Just five months ago, in December 2025, the local currency crossed the 90-per-dollar threshold for the first time, following its breach of the 85-per-dollar level in December 2024. The rapid descent from 85 to the current record low has occurred in just 17 months.
Key Drivers of Rupee's Decline
Several factors are contributing to the Rupee's free fall. Elevated crude oil prices, currently hovering around $110 per barrel, are a primary concern for India, a major oil importer. Persistent geopolitical tensions in West Asia further exacerbate the situation, fueling strong dollar demand and dampening overall risk sentiment, according to Abhishek Bisen, Head of Fixed Income at Kotak Mahindra AMC.
Ponmudi R, CEO of Enrich Money, highlighted that strong dollar demand and cautious foreign institutional investor (FII) flows have accelerated the INR's slide past critical psychological levels. These trends are raising alarms over potential imported inflation and increased input costs for Indian corporations.

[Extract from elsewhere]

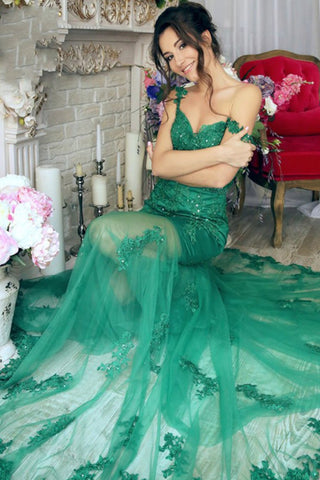 Off The Shoulder Mermaid Prom Dresses With Applique Tulle Sweep Train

Economic Vulnerabilities and RBI's Challenge
The widening current account deficit, projected to exceed 2 percent of GDP in FY2027, underscores India's growing external vulnerabilities. Systematix, in a recent note, pointed to dwindling external capital flows and a widening trade deficit, which together raise the specter of a third consecutive year of balance of payments deficit.
The brokerage firm stated,
“The confluence of stagflationary pressure and a BoP deficit makes the RBI’s task of preventing the rupee from breaching the psychologically critical 100-to-the-dollar mark a genuinely daunting one.”

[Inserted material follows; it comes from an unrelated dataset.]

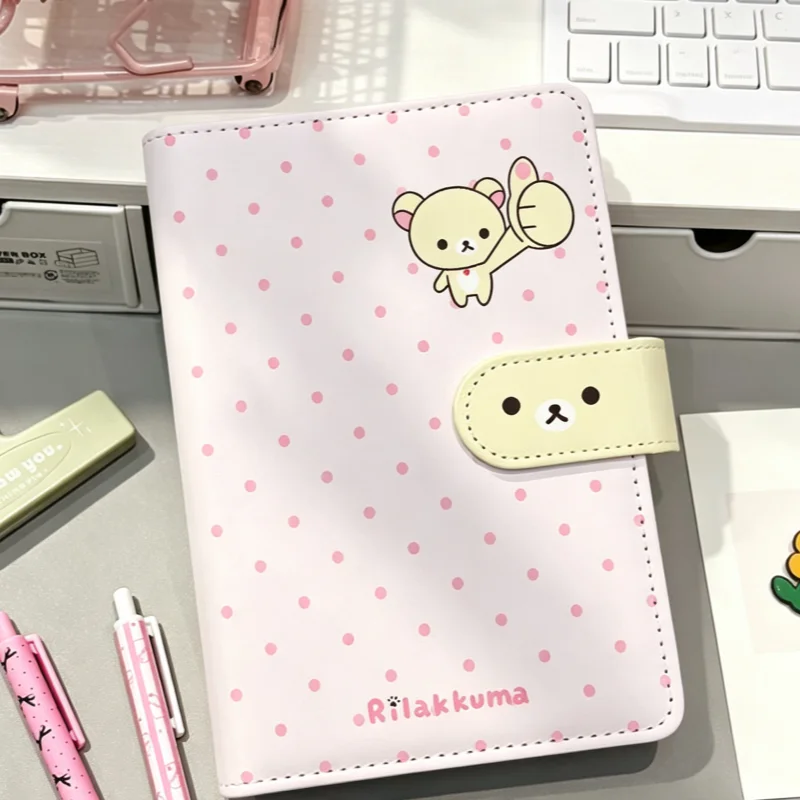 A6 45 Pages Rilakkuma Cute Polka Dot Pink Cortical Shell Underline Notepad Detachable Loose Leaf Take Notes Friends Holiday Gift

Jateen Trivedi, VP Research Analyst - Commodity and Currency at LKP Securities, noted that sustained higher crude prices are increasing concerns over India’s import bill and widening trade deficit, maintaining a weak sentiment for the Rupee. Market participants are increasingly opting for dollar buying as a hedge against ongoing volatility.
Outlook and Policy Implications
While the Reserve Bank of India (RBI) has engaged in intermittent policy interventions to smooth volatility, external pressures and capital market sensitivities are expected to keep the Rupee largely range-bound or moving sideways in the near term. Experts like Bisen suggest that a sustained easing in geopolitical tensions and commodity prices will be crucial for any meaningful and durable currency stabilization.
Systematix warned that while the RBI might initially overlook a near-term surge in inflation, its persistence, compounded by a weakening currency, could eventually force a reversal of policy rates. This would mark a painful unwinding of the aggressively accommodative stance adopted last year.
The broader trend for the Rupee remains weak, with expectations for it to trade in a range of 96.25–97.00 in the immediate future, before potentially testing the 100-per-dollar mark.